Apartó la mirada de nuevo, pero Maggie sorprendió un atisbo de flaqueza en sus ojos duros y penetrantes. Luego comenzó a hurgar entre las cosas de Garrison como si buscara algo y preguntó:

– ¿Qué hacemos con Everett? ¿Con Everett y con su panda de matones?

– ¿Tenemos suficiente con esas fotos para pedir una orden de arresto?

– Para ese tal Brandon, yo diría que sí, desde luego. Tenemos las fotografías y un testigo ocular que lo sitúa con Ginny Brier en las horas previas al asesinato.

– Apuesto a que, si conseguimos una muestra de ADN, encajará con la del semen.

– Pero habrá que entregar la orden en el complejo de Everett -dijo Racine-. Y no sabemos qué vamos a encontrarnos.

– Llama a Cunnignham.
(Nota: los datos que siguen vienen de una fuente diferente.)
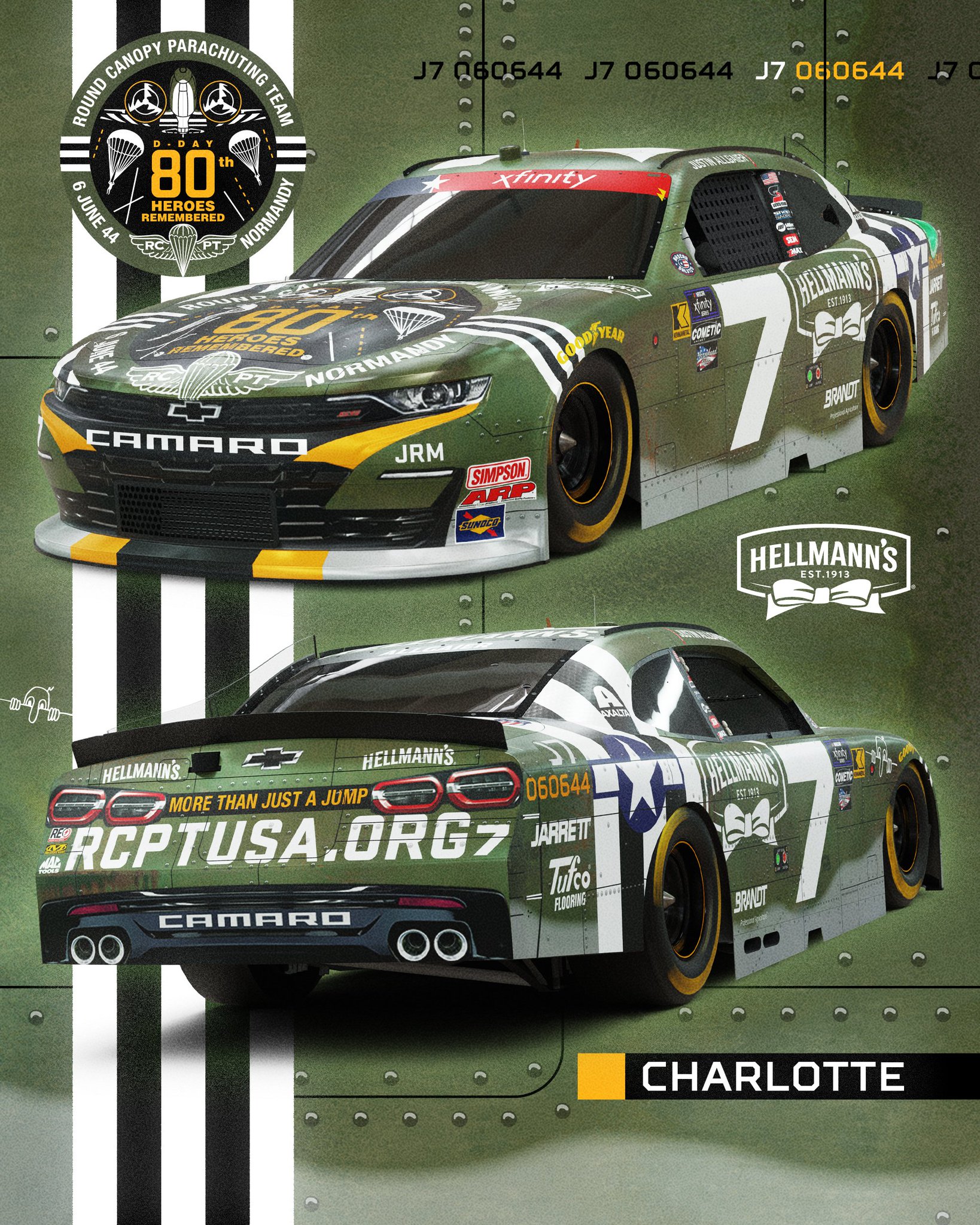 Justin Allgaier Charlotte Scheme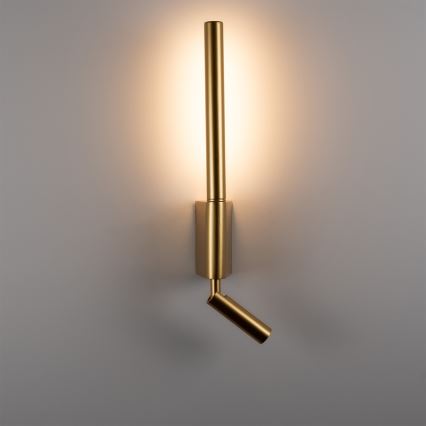 BRILAGI - LED seinapunktvalgusti VIXON LED/3W/230V + LED/5W kuldne CRI 90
Él sabrá qué hacer. Seguramente hará falta un equipo de rescate de rehenes -en cuanto dijo esto, Maggie pensó en Delaney-. Espero que las cosas no se compliquen. ¿Cuánto tiempo crees que tardaremos en conseguir la orden?

– ¿Para el sospechoso del asesinato de la hija del senador? -Racine sonrió-. Creo que la tendremos antes de que acabe el día.

– Tengo que irme corriendo a Richmond, pero volveré enseguida.

– Ganza ha dicho que necesitaba hablar contigo. Te dejó un mensaje.

Maggie se dirigió a la puerta.

– ¿Sabes qué quería?

– No estoy segura. Era algo sobre un antiguo informe policial y una muestra de ADN.

Maggie sacudió la cabeza.

No tenía tiempo. Además, tal vez se tratara de otro caso.

– Lo llamaré desde el coche.

– Espera un momento -Racine la detuvo-. ¿Dónde vas con tanta prisa?

– A intentar que entre en razón una mujer muy testaruda.